MONTREAL — The Globe and Mail
Desjardins Group is pushing ahead with a measured expansion strategy as it gears up for a change in leadership next spring.
The financial co-operative, Canada’s largest with total assets of $250-billion, currently generates about 35 per cent of its top-line revenue from business outside its home province. It is aiming to increase that to about 40 per cent over three to five years, said Desjardins chairwoman and chief executive Monique Leroux. Rather than a big flashy acquisition, which isn’t really Desjardins’s style, the group plans to broaden its relationship with current customers by offering them more products while remaining open to opportunistic asset purchases.
“Our footprint now is good but it cannot be the endgame, that’s for sure,” Ms. Leroux said in an interview Friday at Montreal’s Complexe Desjardins tower. “We have a lot to do in Quebec. We’ve got a lot to do in Canada. If we were to do things on an international basis, we would do it in partnership.”
Ms. Leroux is nearing the end of a second four-year term as head of Desjardins, Quebec’s largest private-sector employer. Members will elect her replacement next spring and she’ll stay on for three months to ensure a smooth transition. She’s scheduled to speak to the Montreal Board of Trade on Monday about the financial group’s response to the sweeping change brought about by digital computing and communications technology.

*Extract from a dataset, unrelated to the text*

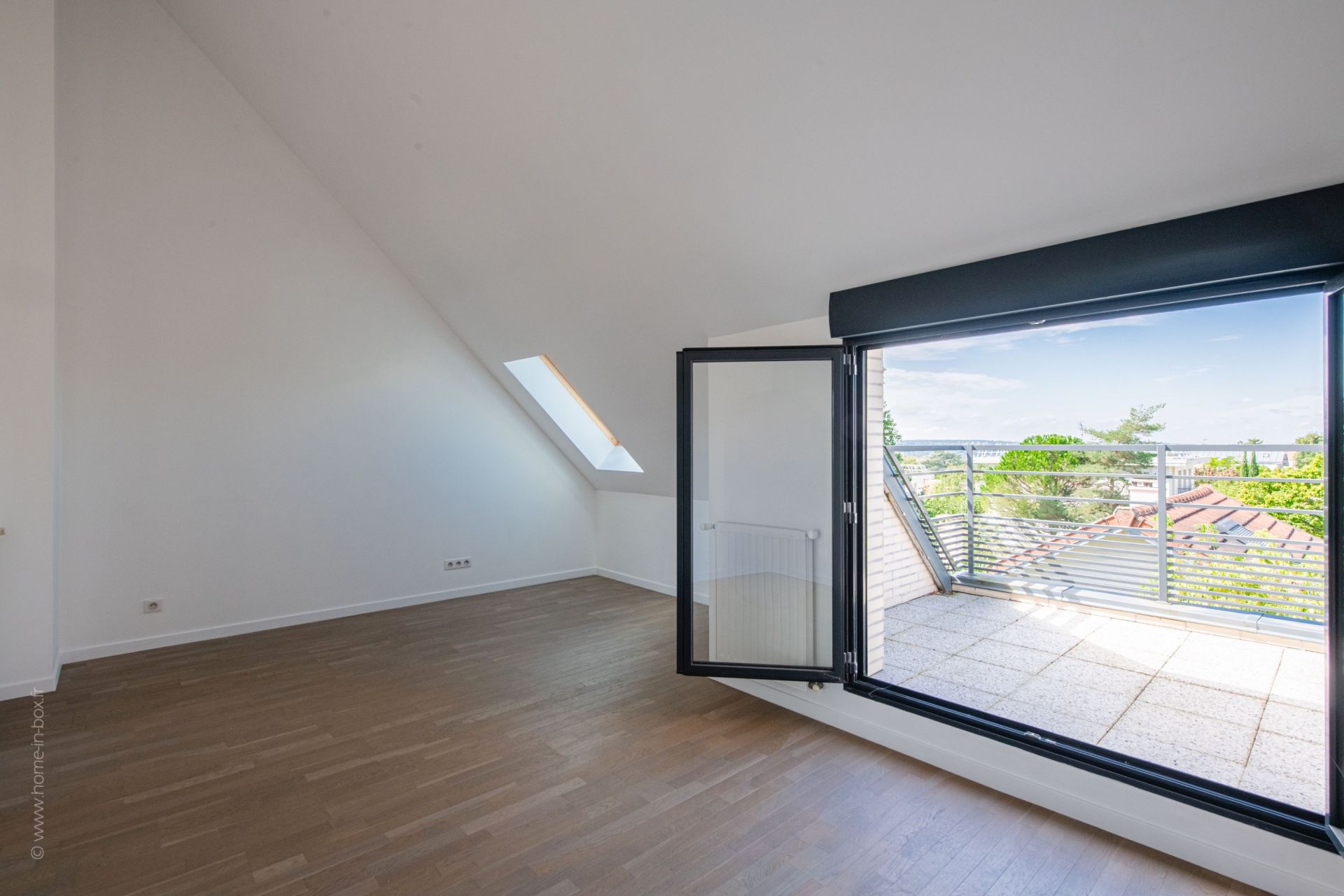 Louer Maison 5&nbsp;Pièces 128.36&nbsp;m² Rueil-Malmaison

Reflecting on her priorities for the institution and what remains to be done, she said key focuses for Desjardins going forward include building more critical mass in its business lines and making sure it innovates. Last year’s acquisition of State Farm Life Insurance Co.’s Canadian arm for an estimated $1.35-billion made Desjardins Canada’s second-largest property and casualty insurer.
A deal with France-based mutual-savings bank Crédit Mutuel vaulted it into the top 10 for payment processing.
“It’s very much important to be among the top five in your industry if not the top three,” Ms. Leroux said of the financial-services sector. “You need to have a certain position to be pertinent and have the capacity to have good returns on your capital.”
Those returns under Ms. Leroux have been brag-worthy. Surplus earnings in the latest quarter were up $183-million to $629-million while operating income rose 9 per cent. It finished the quarter with a tier 1A capital ratio of 16 per cent, besting many rivals.
Desjardins has a commanding share of retail deposits in Quebec with a roughly 40-per-cent share and about 5 million member-clients. It has another 2 million clients outside the province, including those served at caisse branches in Ontario. In her first mandate as CEO, Ms. Leroux led the purchase of High River, Alta.-based insurer Western Financial Group for $440-million. The deal also gave Desjardins Western’s Bank West, which it relaunched as online depository Zag Bank.
“What [Desjardins is] trying to do is to leverage up their strength in Quebec and penetrate” farther into Canada, West of Quebec primarily, said Peter Routledge, an analyst at National Bank Financial. “That’s going to be hard for them because they’re going up against incumbents who don’t want to cede share.”
Mr. Routledge notes that the acquisitions Desjardins has done have been relatively small given its size. “They’re pursuing a fairly diligent expansion strategy where they’re trying to hit singles as opposed to hitting home runs. They’re not swinging for the fences in anything they’ve done. And that’s a pretty smart way to do it.”
Ms. Leroux is coy when asked about her plans after leaving Desjardins, but they will almost certainly include more work as a corporate director. Last week, she joined the board of convenience store chain Alimentation Couche-Tard Inc., a company she holds up as a model of entrepreneurship and global growth ambition.
“As Canadians, we can do things that could make a difference, not only in this country but also more globally,” she says of Canadian firms. “We need to grow on the international scene.”